LISTED ENTRIES below:
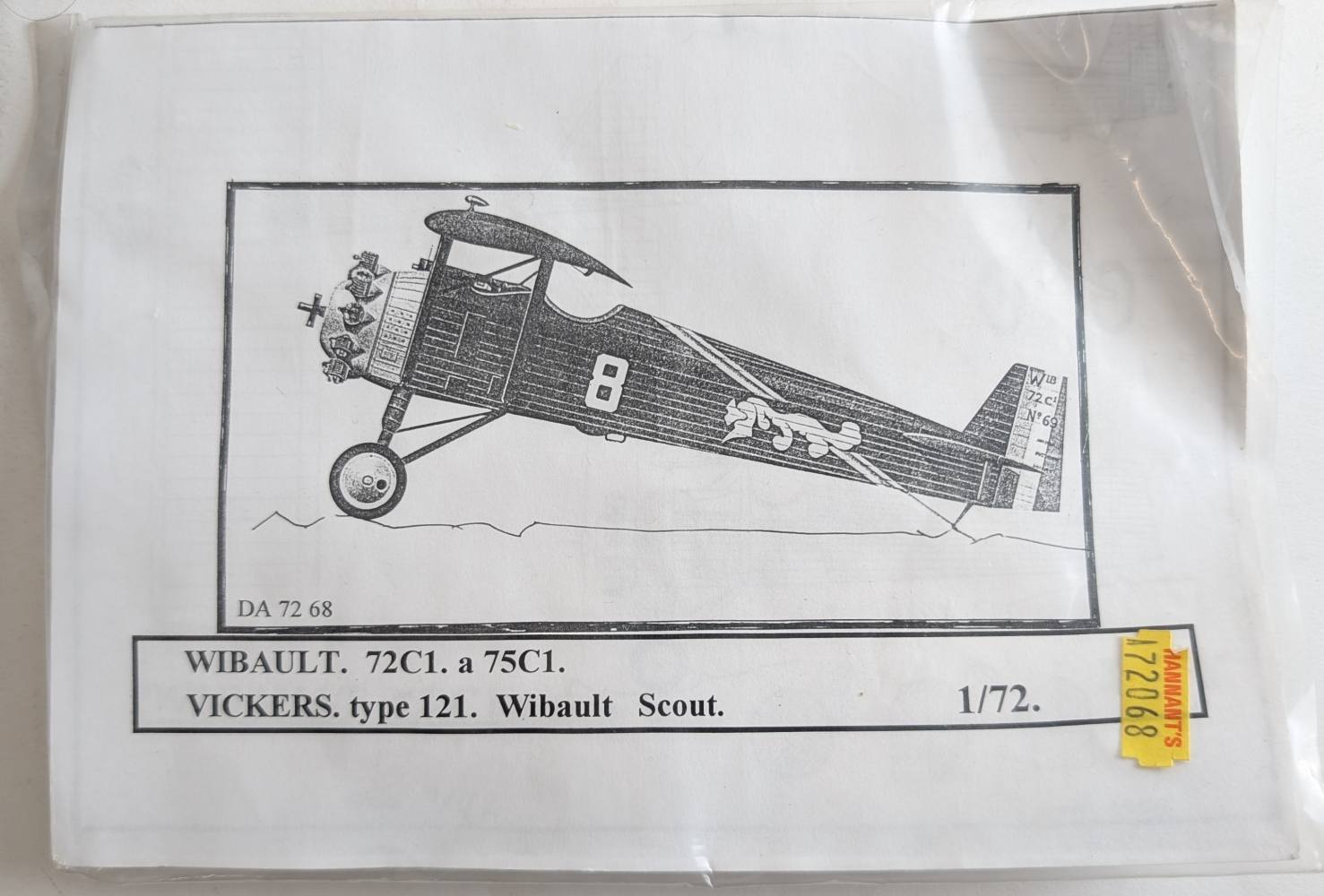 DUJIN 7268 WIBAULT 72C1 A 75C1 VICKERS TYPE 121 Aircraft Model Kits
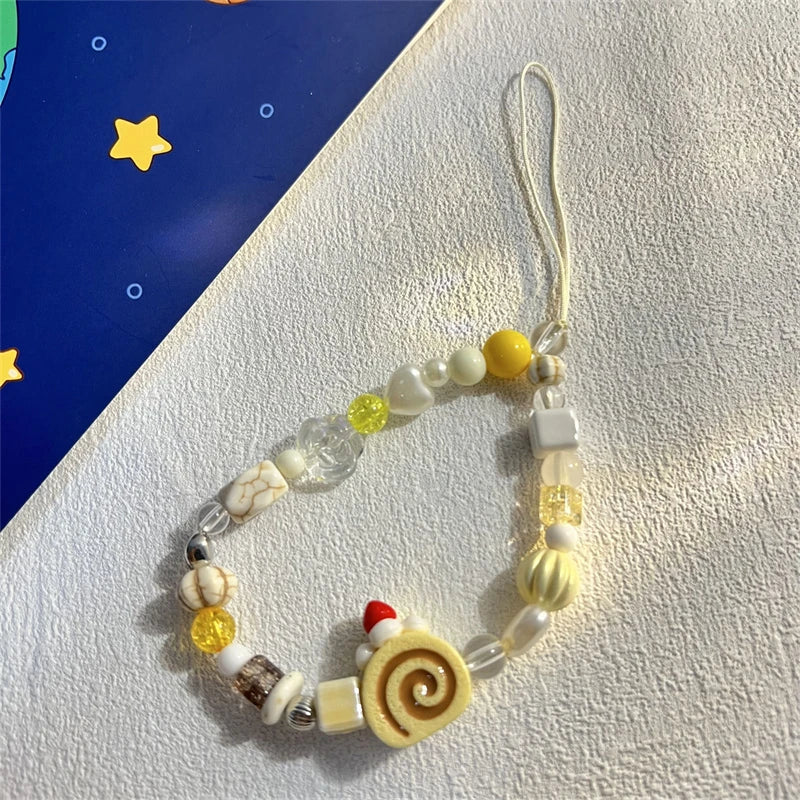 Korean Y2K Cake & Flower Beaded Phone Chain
End of LISTED ENTRIES.
LISTED ENTRIES below:
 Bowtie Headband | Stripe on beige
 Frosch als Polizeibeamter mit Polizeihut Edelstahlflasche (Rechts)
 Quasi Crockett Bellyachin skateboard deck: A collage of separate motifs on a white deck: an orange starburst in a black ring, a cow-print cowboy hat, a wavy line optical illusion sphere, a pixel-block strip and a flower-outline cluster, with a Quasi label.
End of LISTED ENTRIES.
LISTED ENTRIES below:
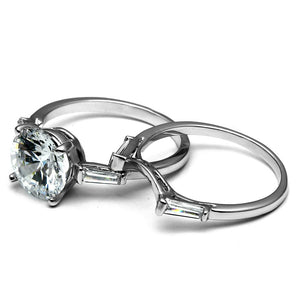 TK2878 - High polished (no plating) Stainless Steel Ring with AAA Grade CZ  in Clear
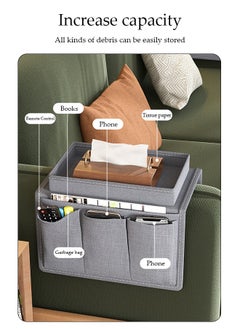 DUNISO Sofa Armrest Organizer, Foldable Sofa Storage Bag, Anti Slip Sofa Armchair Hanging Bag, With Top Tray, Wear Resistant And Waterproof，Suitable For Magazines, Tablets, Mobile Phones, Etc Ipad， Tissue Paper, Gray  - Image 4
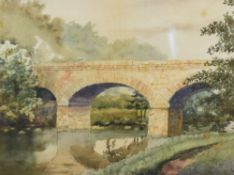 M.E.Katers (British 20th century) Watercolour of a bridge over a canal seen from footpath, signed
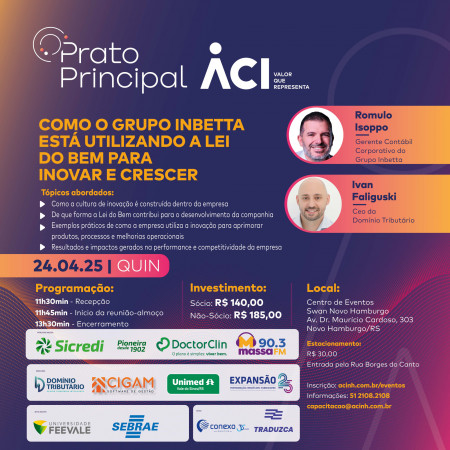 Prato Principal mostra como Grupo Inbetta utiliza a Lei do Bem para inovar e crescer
End of LISTED ENTRIES.
TASK BRIEF:
In the entries above, find the line that contains "DUJIN 7268 WIBAULT" and the line that contains "Korean Y2K Cake & Flower Beaded Phone Chain". Reproduce exactly those two lines and every line between them, but not the pictures.

OUTPUT BELOW:
 DUJIN 7268 WIBAULT 72C1 A 75C1 VICKERS TYPE 121 Aircraft Model Kits
 Korean Y2K Cake & Flower Beaded Phone Chain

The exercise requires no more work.